*** Opening MATERIAL FOR THIS TASK ***

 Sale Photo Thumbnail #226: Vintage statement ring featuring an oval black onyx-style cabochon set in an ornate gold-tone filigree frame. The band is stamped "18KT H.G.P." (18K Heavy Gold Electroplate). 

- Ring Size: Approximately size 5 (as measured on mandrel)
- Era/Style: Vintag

*** Closing MATERIAL FOR THIS TASK ***
*** Opening MATERIAL FOR THIS TASK ***

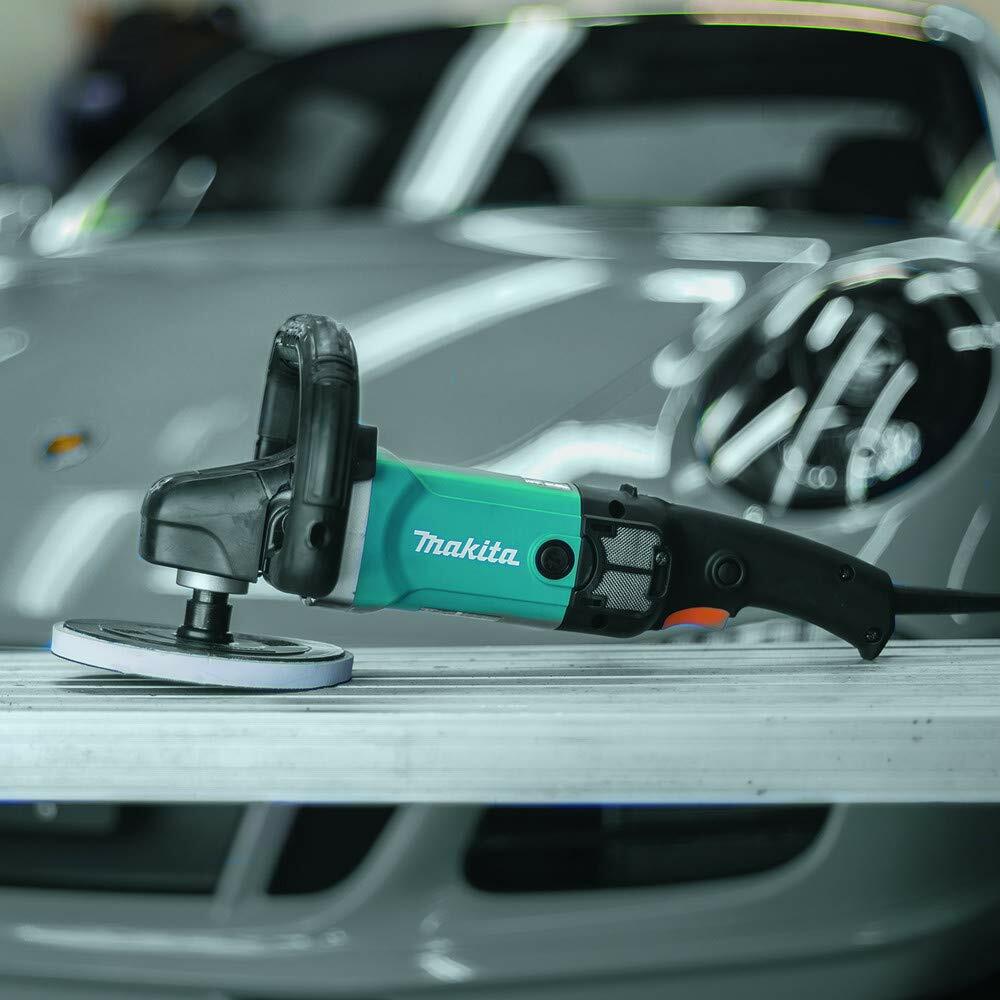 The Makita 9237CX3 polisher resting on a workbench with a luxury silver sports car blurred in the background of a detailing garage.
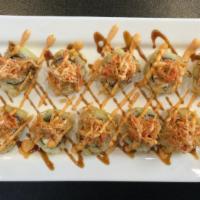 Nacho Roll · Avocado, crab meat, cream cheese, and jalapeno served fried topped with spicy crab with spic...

*** Closing MATERIAL FOR THIS TASK ***
*** Opening MATERIAL FOR THIS TASK ***

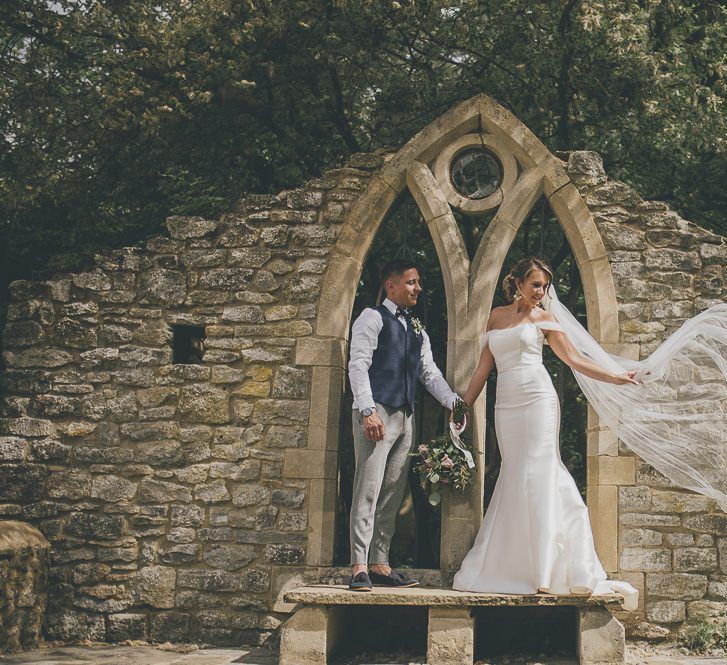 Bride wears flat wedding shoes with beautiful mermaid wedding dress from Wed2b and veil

*** Closing MATERIAL FOR THIS TASK ***

# WHAT TO PRODUCE:
Within the listing above, the range opens at the line with "Sale Photo Thumbnail" and closes at the line with "- Era/Style: Vintag". Reproduce exactly the lines of that range, including both ends.

# YOUR RESPONSE:
 Sale Photo Thumbnail #226: Vintage statement ring featuring an oval black onyx-style cabochon set in an ornate gold-tone filigree frame. The band is stamped "18KT H.G.P." (18K Heavy Gold Electroplate). 

- Ring Size: Approximately size 5 (as measured on mandrel)
- Era/Style: Vintag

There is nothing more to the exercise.